Aaron Kleidon kneels to stoke a campfire under a massive copper kettle, as hundreds of gallons of molasses-colored brew churn and bubble inside.
He shakes a few handfuls of dried sweet clover into a cotton sack, which will steep in the beer and infuse it with a subtle vanilla flavor.
Like all of the beers produced at Scratch Brewing Co., this soon-to-be stout relies on hyperlocal ingredients foraged from the surrounding forest in Ava, Illinois, about 80 miles southeast of St. Louis. Nestled within a patchwork of corn and soybean fields, the microbrewery has received critical acclaim for its unusual creations, which range from tangy beet-flavored sours to chanterelle mushroom ales.
“The challenge is getting the exact flavor you smell in the forest into the beer and finding which combinations of plants get you there,” said Kleidon, the brewery’s co-owner.
Since Scratch opened its doors in 2013, Kleidon estimates he and co-owner Marika Josephson have used at least 150 different plants in their beers, including sassafras, fig leaves and dandelions.
Many grow wild on the 75-acre forest adjacent to the property, which Kleidon’s parents have owned for more than two decades. The brewers have cultivated others from wild seeds, like maypop, a trailing native vine that produces egg-shaped passionfruit.
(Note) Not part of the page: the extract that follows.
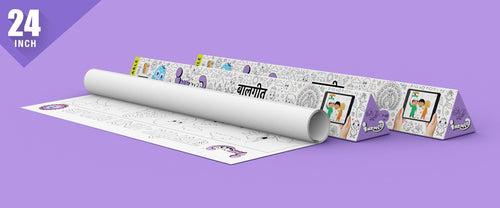 Hindi Rhymes Reusable Wall Colouring Roll (24 inch)-AR Learning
“We knew from the beginning that we wanted Scratch to be a place that was exploring a sense of place,” Josephson said. “What does it mean to make beer that tastes like southern Illinois, that uses ingredients that are from here?”
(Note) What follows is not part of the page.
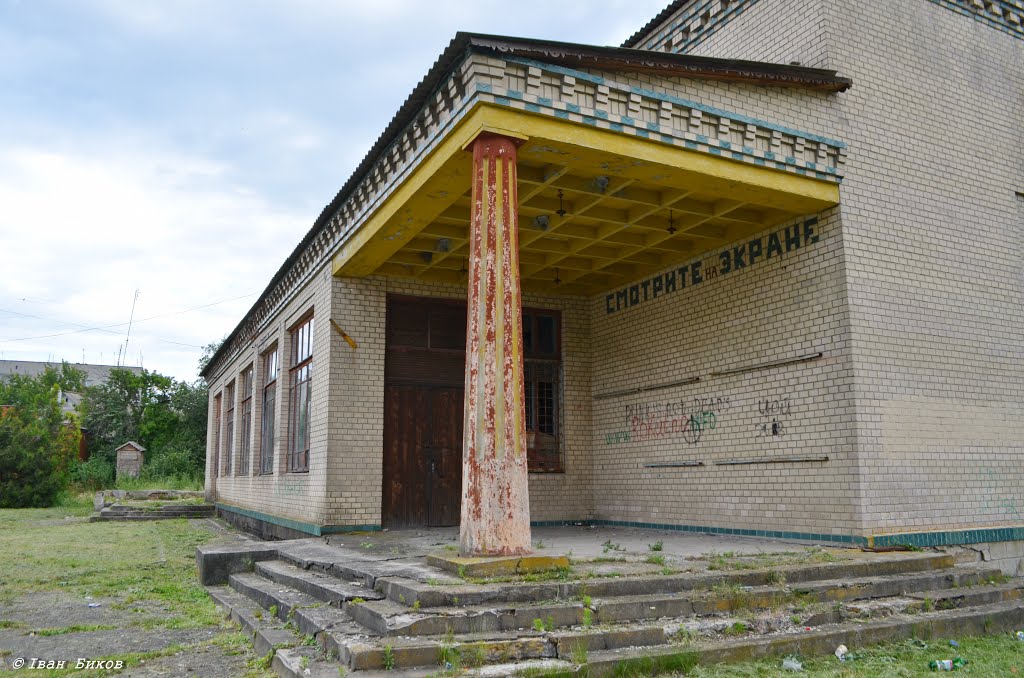 Рокитне. Старий кінотеатр / Rokitnoe. Old cinema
Despite its out-of-the way location, the scrappy little brewery has developed a loyal following and garnered national attention, earning a spot as a semifinalist for a James Beard Award earlier this year.
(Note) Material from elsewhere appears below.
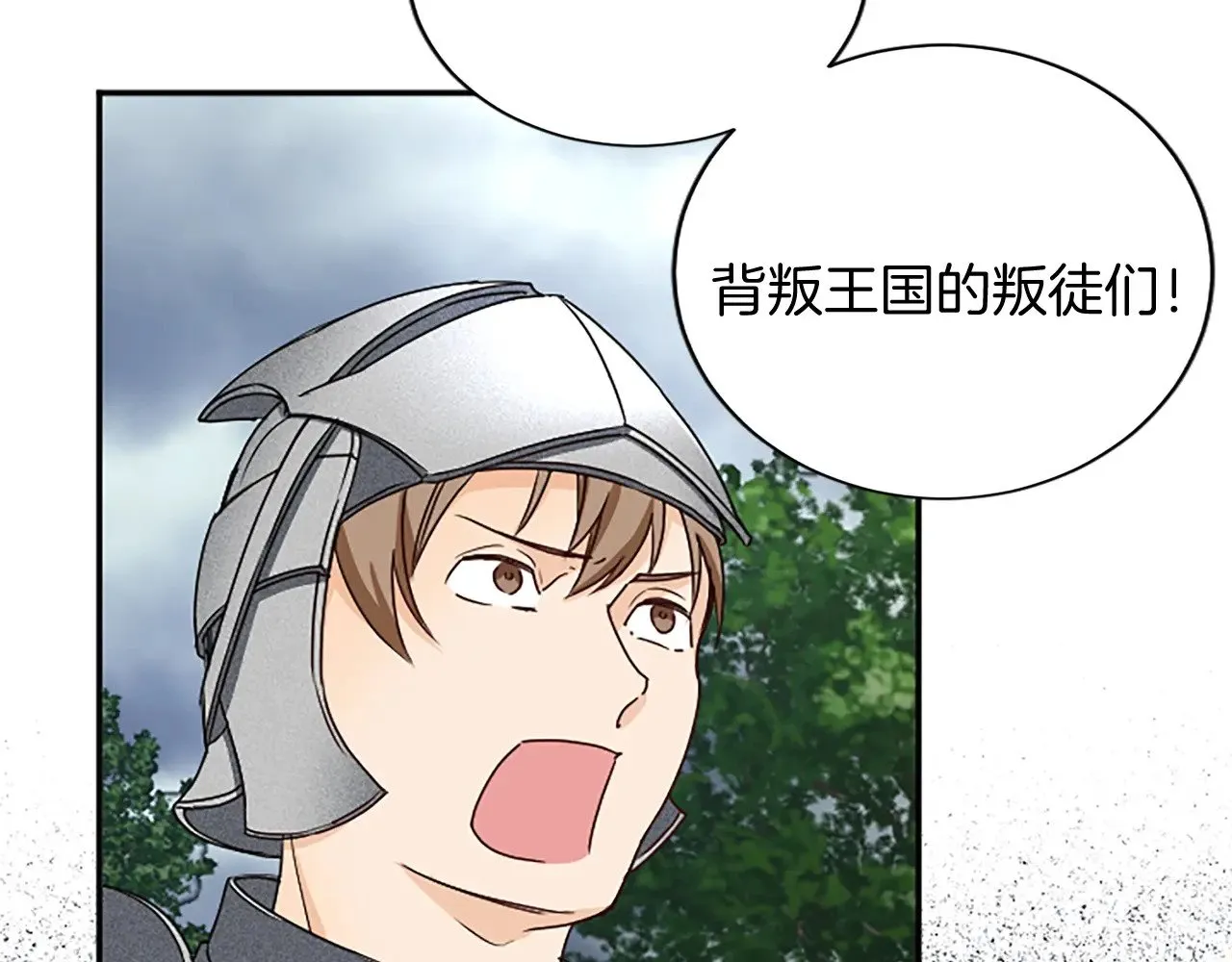 第95话 以退为进 第102页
Scratch Brewing Co. produces new beers every week or so — a labor-intensive process that begins with grinding several hundred pounds of grain at 7 a.m. The grain, which comes from Sugar Creek Malt in central Indiana, is then steeped in hot water inside wooden barrels, producing a sweet liquid.
On a recent “brew day,” Kleidon tended to the kettle of boiling, malty brew while Josephson hurried to a hand-built brick oven to check on trays of roasting hickory bark.
“You can see these pieces here are getting that nice, dark, chocolatey brown; that’s exactly what we want,” Josephson said, flipping the slabs of bark. “We almost want this to be smoking by the time we put it in the beer.”
Through trial and error, they discovered the bark, which naturally peels away in sheets from shagbark hickory trees, makes the beer taste like toasted marshmallows.
But for these brewers, the work is about more than dreaming up new flavor combinations.
All of the ingredients are either grown on their farm, foraged from the surrounding forest or purchased from local farmers, including the hops and grain. Though it can be difficult to source everything they need, Josephson said, growing or purchasing the ingredients locally is more sustainable than shipping them thousands of miles.
To fill in the gaps, the brewery grows some ingredients on its five-acre property, which includes a rambling herb garden, high tunnel greenhouse and goat paddock (home to Shelly, Wheezy, Zelda and Brown Goat).
Kris Pirmann, Scratch’s full-time farmer, points out the different herbs in the garden, including lovage, anise hyssop and elecampane, a medicinal herb with a camphor-like aroma. “Working here forces you to be creative and think about what you can grow that’s unique or how you can use something that’s old in a unique way,” he said.
Needless to say, the brewery’s owners are serious about supporting local agriculture.
Over the past decade, Josephson said, “farmhouse beer” has become a loosely used marketing term — and often such beers have no connection to actual farms.
“If somebody’s picking up a bottle because they think that they’re supporting a farm, but they’re not, that’s where I think there’s a problem,” Josephson said. “We spend more money to have a farmer on staff, to put in a greenhouse and support these ingredients that we’re growing here. That’s why our beer costs a little bit more. It’s supporting this whole network that we’re trying to develop and sustain here.”
Though the brewery, which sells most of its beer in house, has lost business during the pandemic, she added, having a strong connection with the surrounding community has helped them stay afloat.
For Kleidon, who grew up in Ava, building a more robust local economy is particularly important.
“We know exactly the person that’s going to benefit when the money gets spent,” he said. “Not only do we get the best possible product, we’re also building a community.”